▼詳細
東京地方裁判所判決、平成17年6月30日
(事実の概要)
片道二車線の道路を直進していた自動二輪車(被害者)と反対車線から対向車線を超えて路外の駐車場に入るために右折した自動二輪車(加害者)が衝突した。
被害者は本件事故により、右前腕骨骨折、右橈骨神経不全麻痺等の障害を負い、右前腕の回内、回外制限による日常動作、職業上の困難、右橈骨神経領域の知覚鈍麻の自覚症状、回内回外制限により作図困難という他覚症状がある。
(被害者の主張)
・前腕回内については、他動で右10度、左90度、自動で右10度、左90度、回外で右70度、左90度、自動で右60度、左90度であり、これらの神経症状と、可動域制限及び骨移植に伴う症状からすれば、後遺障害は「一上肢の三大関節中の一関節の機能に著しい障害を残すもの」として10級10号に該当する。
・右手の骨移植をするために、腸骨を採取しており、その結果腸骨に骨変形が残存したため「骨盤骨に著しい変形を残すもの」として12級5号に該当する。
・以上の後遺障害から、併合9級にあたり、労働能力の35%を喪失した。
(加害者の主張)
・被害者の自覚症状としての手背部の知覚鈍麻、しびれ等の訴えは、診断では橈骨神経の伝導速度・波形ともに正常で、日常生活に支障を来すという程度であり、これは、「局部に頑固な神経症状を残すもの」として、12級12号に該当するものである。
・被害者の骨移植手術による腸骨から骨を採取は、「骨盤骨に奇形を残すもの」として12級12号に該当するものである。
・以上2点から、加害者には12級に該当する2つの後遺障害があるとして、後遺障害等級は併合11級である。

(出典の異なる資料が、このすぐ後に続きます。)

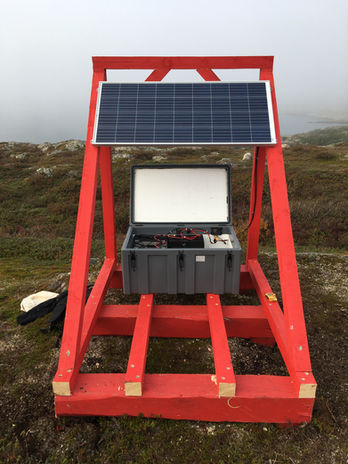 This is an enclosure that we installed for a customer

・被害者は神経症状、前腕の回内・回外制限及び骨移植に伴う症状を総合的にみて、後遺障害10級10号と主張するが、神経症状と関節の運動制限といった系列の異なる障害を総合して障害の程度を判断することはできない。また診断により骨移植と関節可動域の低下との関連性について否定されている。
(裁判所の判断)
・被害者には、右橈骨神経領域(右前腕)に、知覚鈍麻、しびれ等が残存しているから、右橈骨神経に障害が認められ、症状固定後3年以上経過した現在も症状が残存していることから、「局部に頑固な神経症状が残存した」として「12級12号」が認められる。
・被害者は、神経症状と、関節の可動域制限等を総合して10級10号の後遺障害が残存したと主張するものと解されるが、同号に該当するというためには、患側の可動域制限が、主要運動である屈曲(掌屈)・伸展(背屈)運動について健側の2分の1以下に制限されている必要があるが、被害者の主張の可動域制限は、参考運動の制限にすぎない。そのため、腕関節の機能に著しい障害が残存したとはいえない。
・以上のことから右橈骨神経の障害及び腕関節の可動域制限により、併合11級に相当する20%の労働能力を喪失し、また喪失期間は27歳(症状固定時)から67歳までの40年間とみるのが相当である。